Much of the score is very guitar-centered, with generally simple orchestration. The score includes a fairly distinctive primary theme melody (which opens and closes the original album presentation), which features a solo guitar backing a main melody played by the orchestra, particularly the strings. This theme is used throughout the score and generally establishes the overall tone of the presentation. Other parts of the score tend to have a bit of an ethnic flavor, with a number of different instruments in use. Some of the unused cues on the Intrada complete score discs are more fully orchestral than is generally heard on the cues used in the film.
The Black Stallion Returns (Georges Delerue, 1983): Not too long after Intrada put out their CD release of The Black Stallion, they also put out a disc of Georges Delerue’s score to the film’s sequel. While this score only required a single CD release, it still contains the complete score as heard in the movie as well as the original 1983 album presentation for a total running time of around an hour and 17 minutes.
Delerue doesn’t reuse the themes from the original film, but instead scores the film in his own distinctly melodic style.
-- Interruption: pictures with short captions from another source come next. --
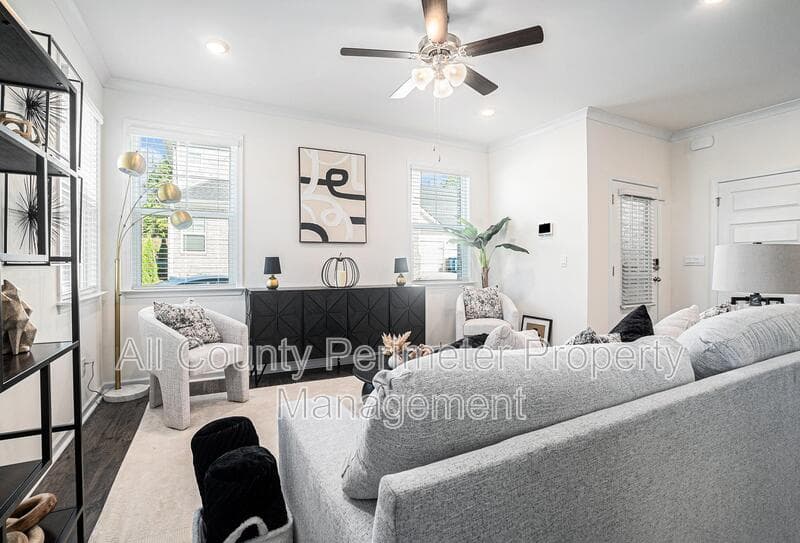 Loganville House: 607 Silver Moon Drive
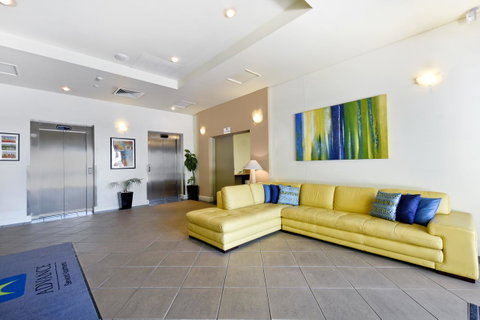 Metro Advance Apartments & Hotel - Australian Directory 19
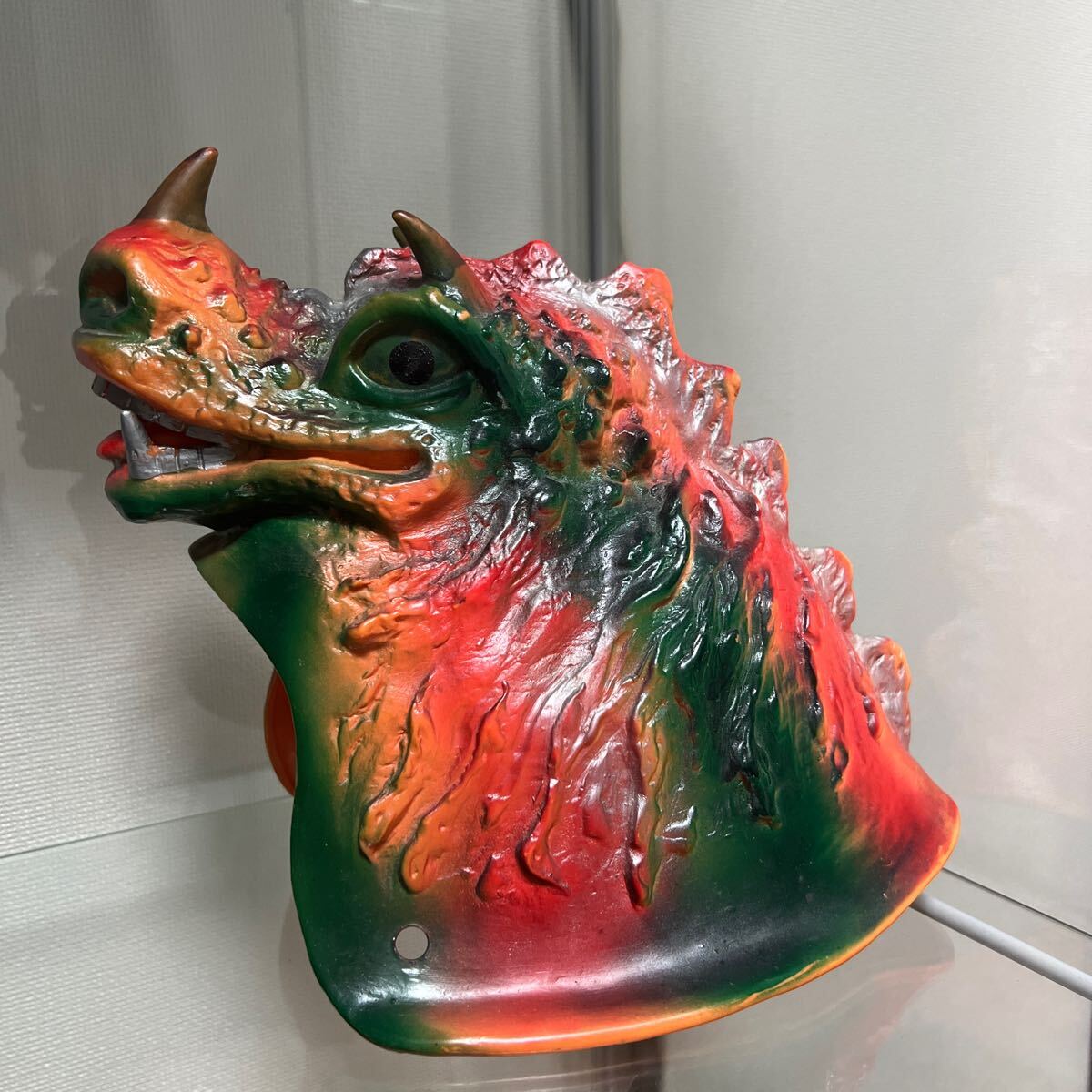 Yahoo!オークション - 当時物 ヨネザワ 怪獣 ヘルメット パチ Yahoo!オークション - 当時物 ヨネザワ 怪獣 ヘルメット パチ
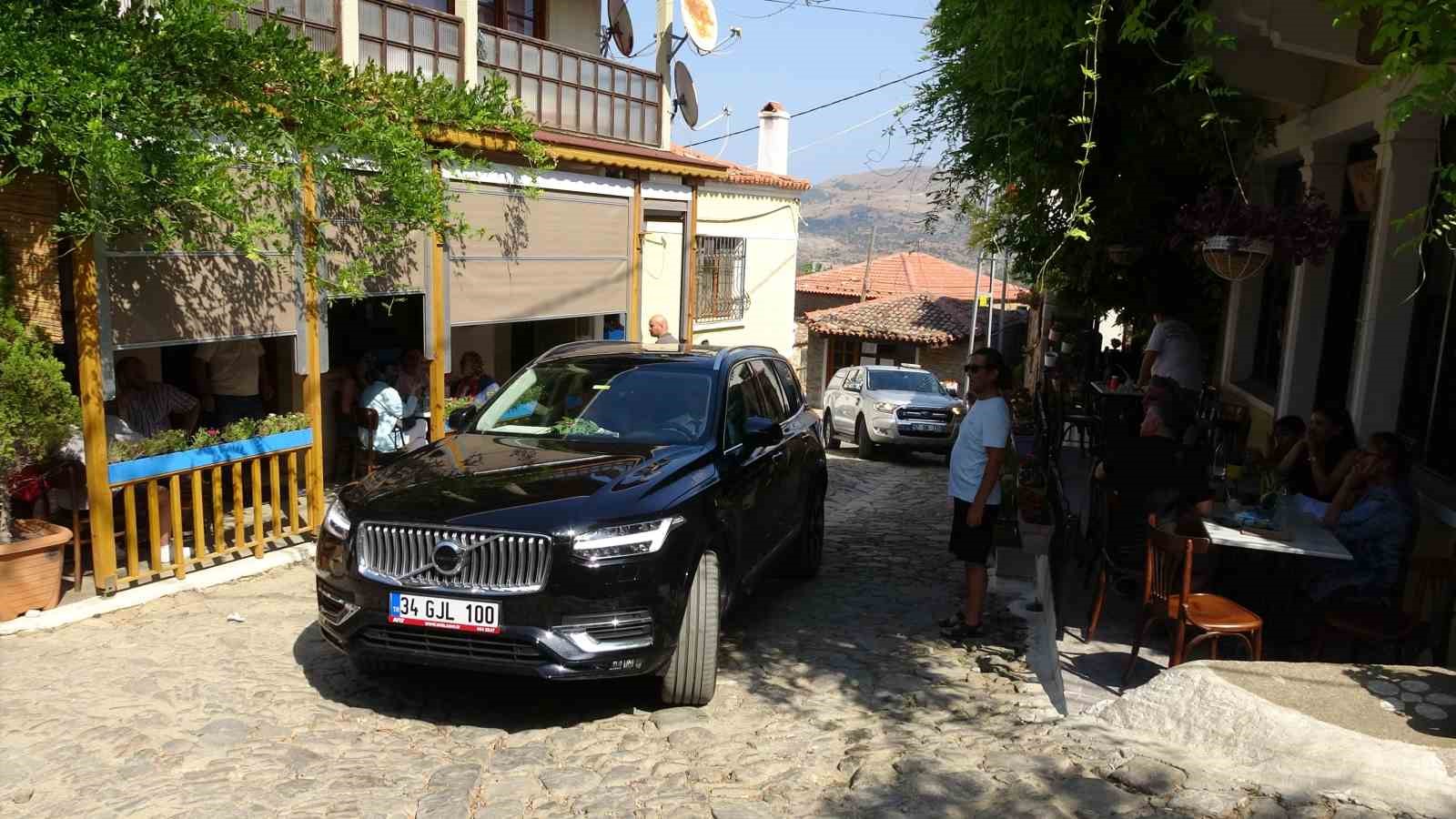Fener Rum Patriği Bartholomeos, Gökçeada’ya geldi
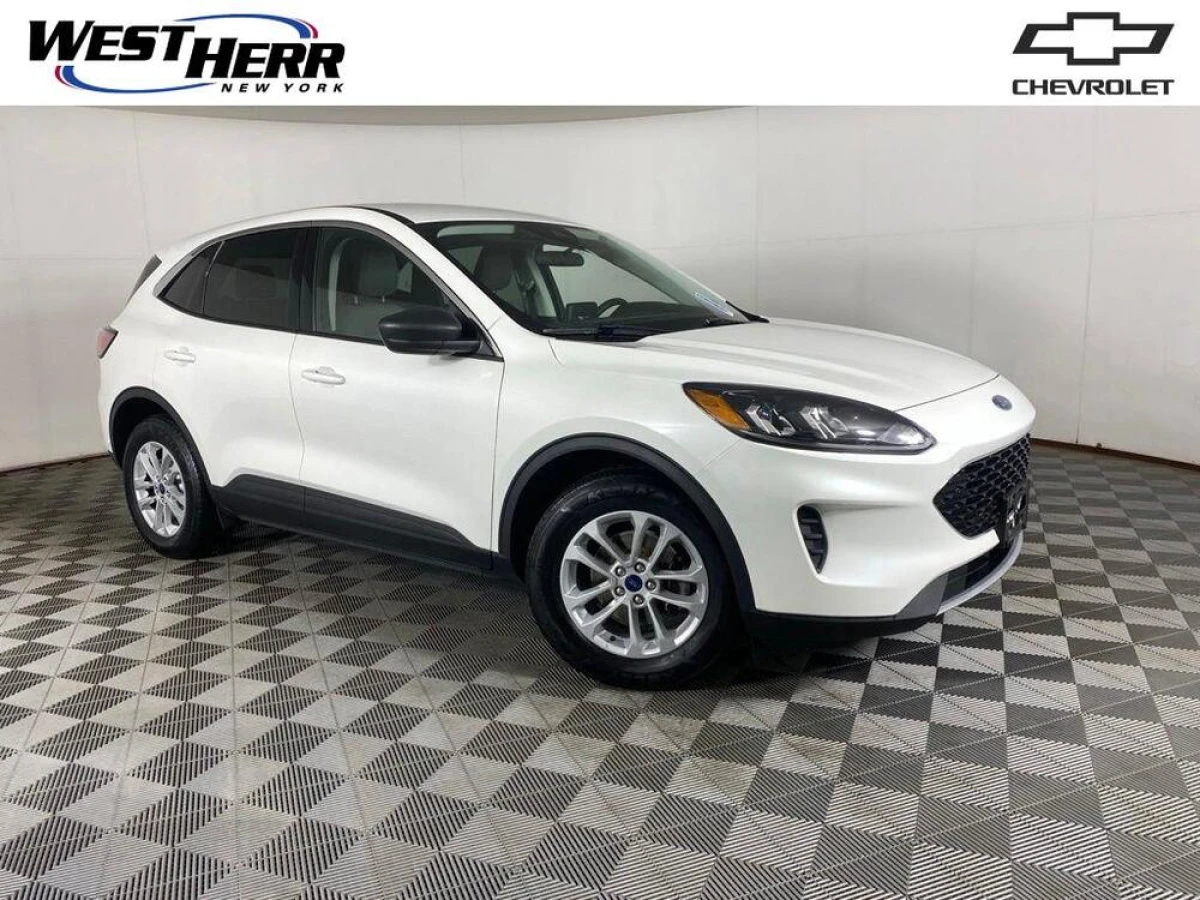 Pre-Owned 2022 Ford Escape SE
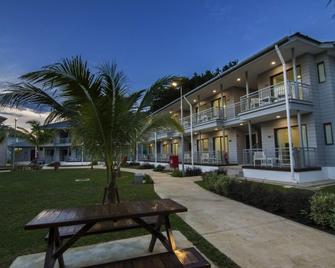 Royale Chulan Cherating Chalet - Balok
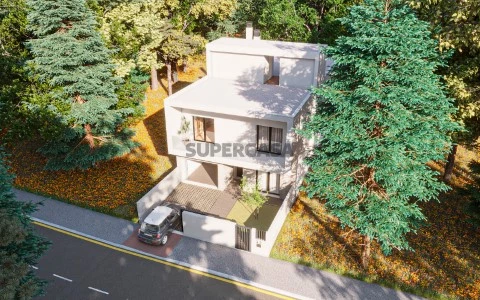Moradia T4 C/ 3 Suites e Piscina - Alhos Vedres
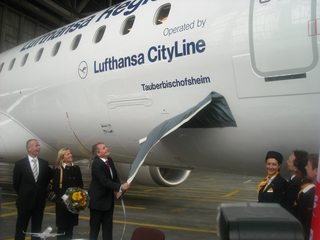 Bürgermeister Wolfgang Vockel bei der Taufe des Flugzeuges.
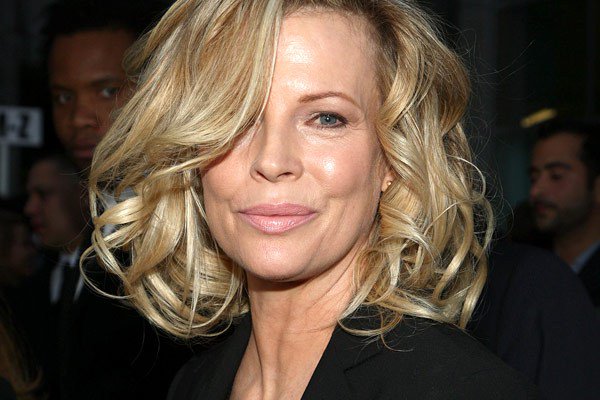 Muchas felicidades a la estupenda Kim Basinger por cumplir hoy 62 años
Happy birthday ! 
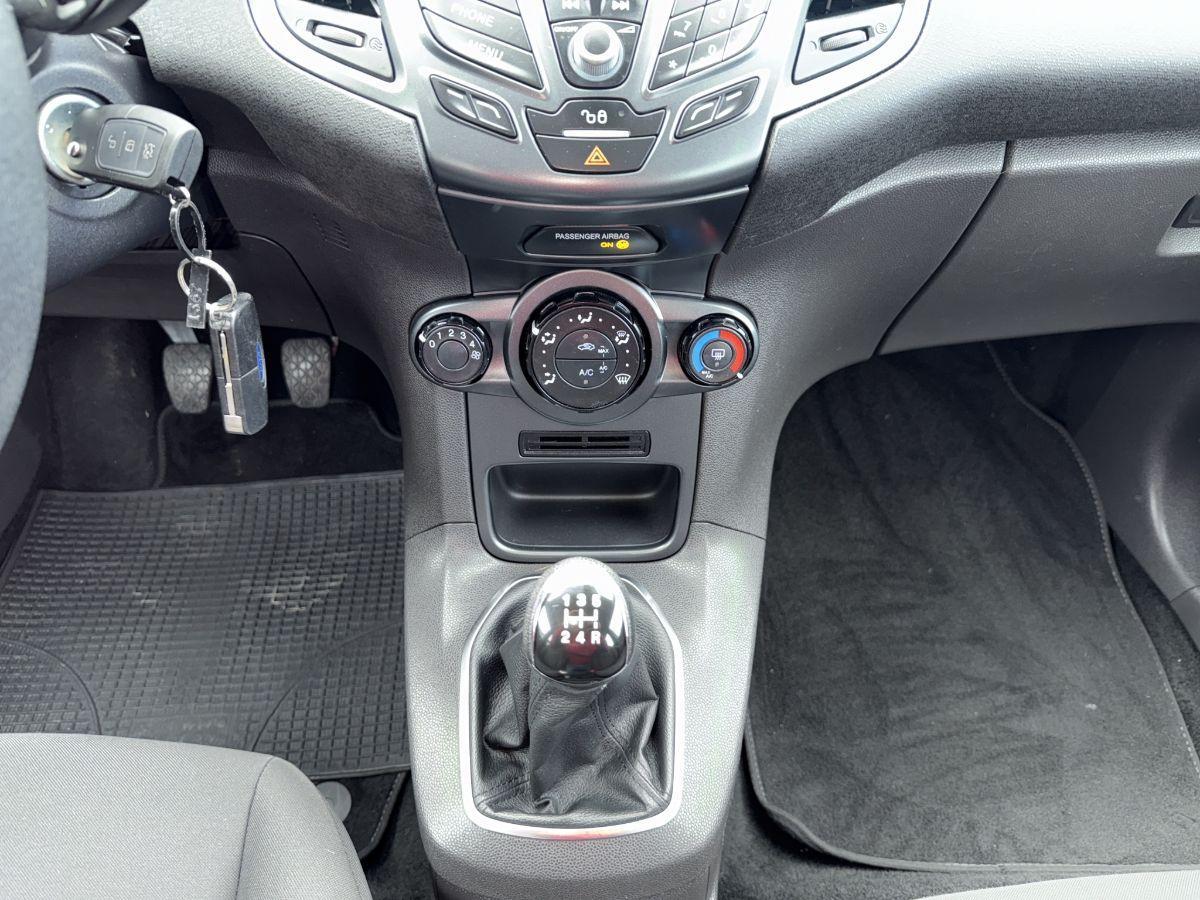 FORD - Fiesta - 1.5 TDCi 75 CV 5p. Black & White Edition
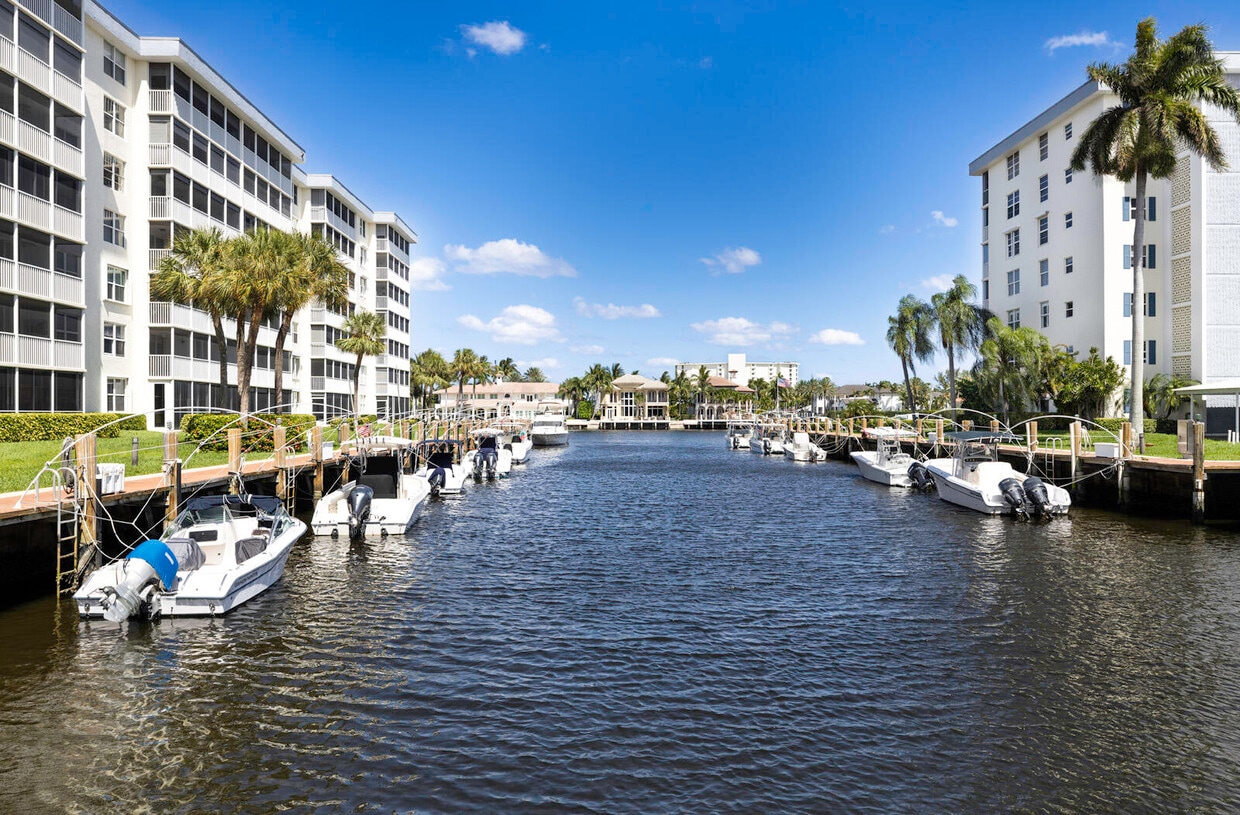 Primary Photo - 1 Harbourside Dr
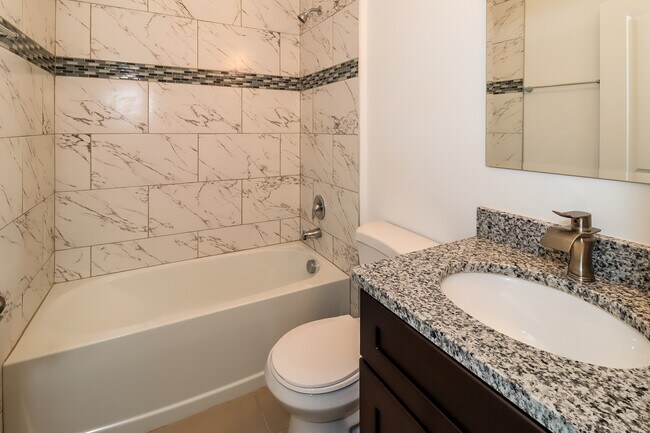 Building Photo - 532 Imperial Pl, Kissimmee, FL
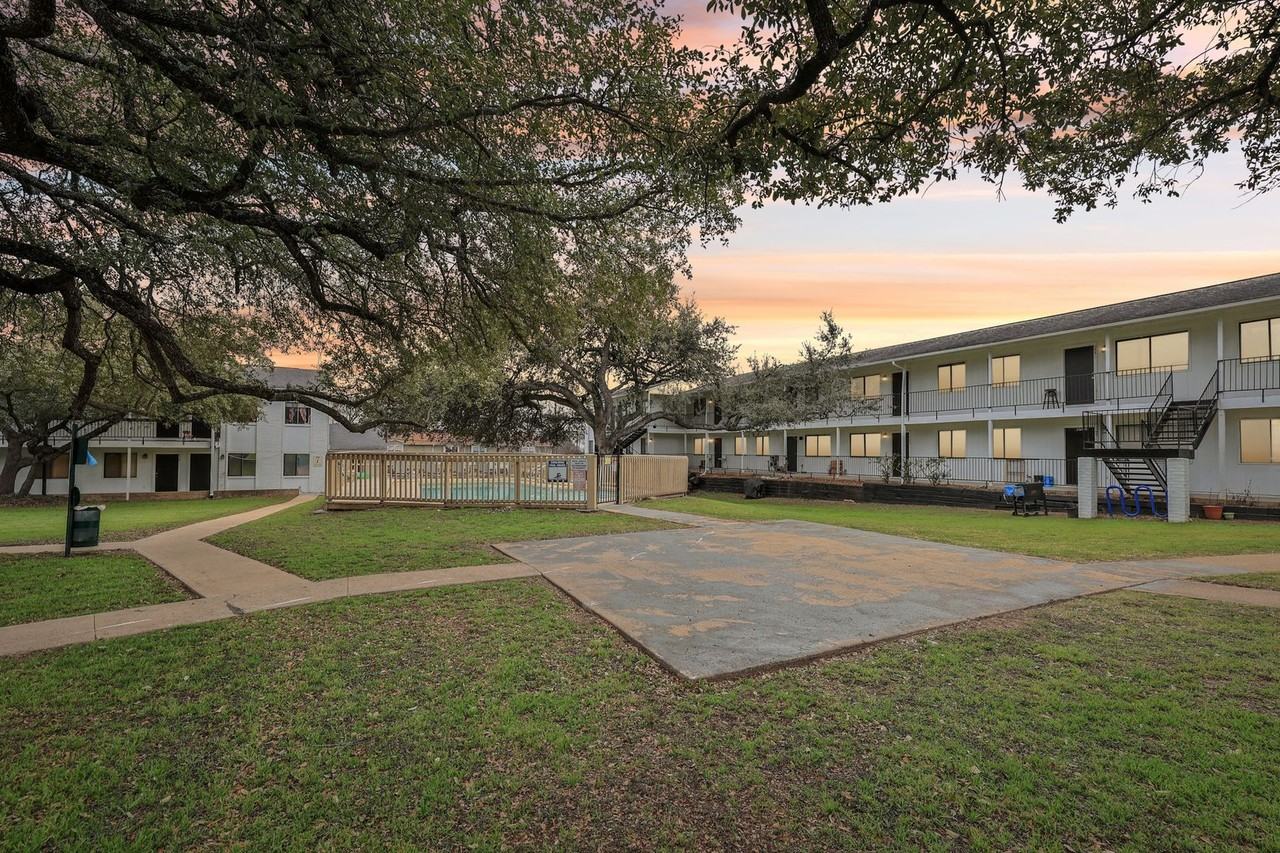 Southland Apartments - Photo 2 of 50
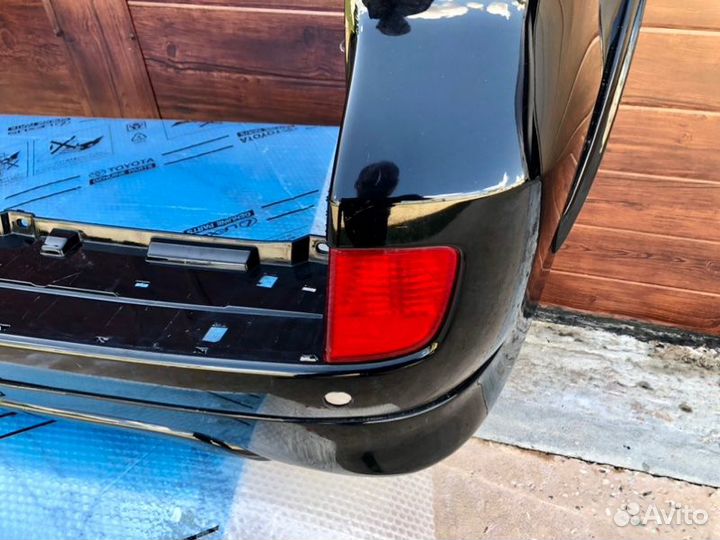 Бампер задний Toyota Lc 200 2007-2012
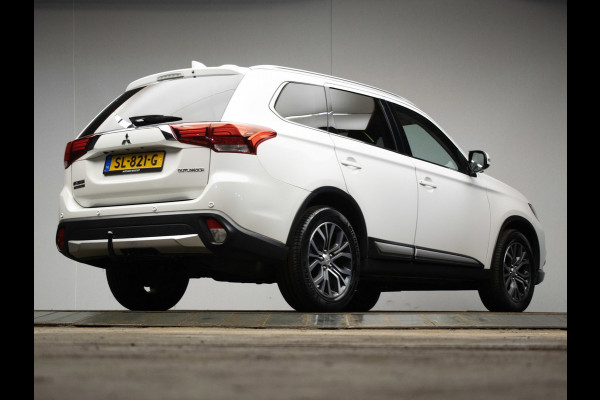 Mitsubishi Outlander 2.0 Connect Pro Sport (APPLE CARPLAY,NAVI,CAMERA,360 VIEW,STOEL/STUUR VERWARMING,CLIMATE,CRUISE,LM VELGEN)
His main theme for the sequel does have some similarity, at least in spirit, to Carmine Coppola’s theme for the original film, but it is significantly more fully orchestral, with an emphasis on strings and woodwinds. The acoustic guitar that was fairly central to the first film’s score is not carried over to the sequel. I overall think that Delerue’s score is an easier and more satisfying listen than Coppola’s outside of the film. It tends to be more melodic and straightforward orchestral with a definite flare towards the adventurous.
A huge highlight on this soundtrack is the absolutely thrilling “Finale” cue, which runs for over 8 minutes in length and masterfully sums up all of the film’s themes on its way to an immensely satisfying conclusion. Due to the discs format of presenting the complete score followed by the original album, this finale is presented twice on the disc. It is good enough that I don’t really object to hearing it twice in one play through.
Black Sunday (John Williams, 1977): For many years, Black Sunday was arguably the most significant John Williams score that had never received a soundtrack release. In early 2010, Film Score Monthly finally corrected this by releasing a CD containing over an hour of Williams’ music from the film. The CD is part of their limited edition Silver Age Classics series, but they produced 10,000 copies which should keep it available for at least a little while.
This score was composed during possibly the most important phase of his career. The two other scores that he composed for films released the same year were Star Wars and Close Encounters of the Third Kind. His Black Sunday score does resemble his other scores from that time period, but it is quite a bit darker in tone as required by the disturbing subject matter of the film.
Building of tension is Williams’ prime role here and he is very effective at accomplishing that. For a good example, the cue “Nurse Dahlia/Kabakov’s Card/The Hypodermic” primarily features some low, fairly repetitive notes that build up a great deal of tension until the cue finally ends with a burst of shrieking strings reminiscent of Bernard Herrmann’s famous Psycho music. Another interesting cue is “The Test”, which features chimes, initially by themselves and then later joined by the orchestra’s string section, an effect that builds a notably tense and foreboding atmosphere.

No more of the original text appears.